Si les bagages doivent être sortis de l’avion en vingt minutes maximum, ne démarrez pas la mesure trop tôt. L’équipe de bagagistes fait mieux de commencer lorsque les portes de l’avion sont déjà ouvertes. Le temps d’attente précède le démarrage de la mesure et n’y est pas intégré, même si la durée du processus complet en est allongée et, en conséquence, le temps d’immobilisation de l’avion au sol.
3. Utilisez la ligne du temps de manière créative
La dimension temps associée à un objectif ou d’un KPI donne aussi des opportunités d’aménagement.
Un exemple :
Si un vendeur a un objectif de ventes de 500.000 euros par trimestre, il peut, s’il a atteint son objectif cinq jours avant la fin de la période, faire trainer une semaine la signature de nouveaux bons de commande. Cette adaptation fonctionne aussi lorsque le vendeur se rend compte qu’il ne peut de toute façon pas atteindre son objectif pour le trimestre en cours.

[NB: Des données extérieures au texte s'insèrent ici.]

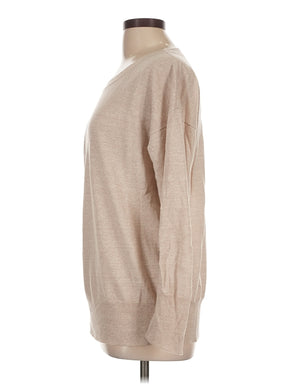 4 size - L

Comment éviter la tricherie sur les KPI ?
Vous pouvez évidemment rechercher des KPI à toute épreuve. Mais la nature humaine et la créativité des personnes est imbattable, et les arguments pour adapter le domaine de mesure ou le calcul des paramètres paraissent logiques. C’est pourquoi il n’y a qu’une bonne solution : dépersonnalisez les KPI.
On peut utiliser des KPI pour améliorer les processus, pas pour évaluer des personnes. Veillez à ce qu’un propriétaire de processus se sente fortement lié au niveau de performance de son processus. N’y couplez pas d’évaluation formelle, car cela rend le paramètre plus important que la réalité. Créez une culture d’entreprise où un indicateur dans le rouge est un signal pour chercher un remède plutôt qu’un coupable.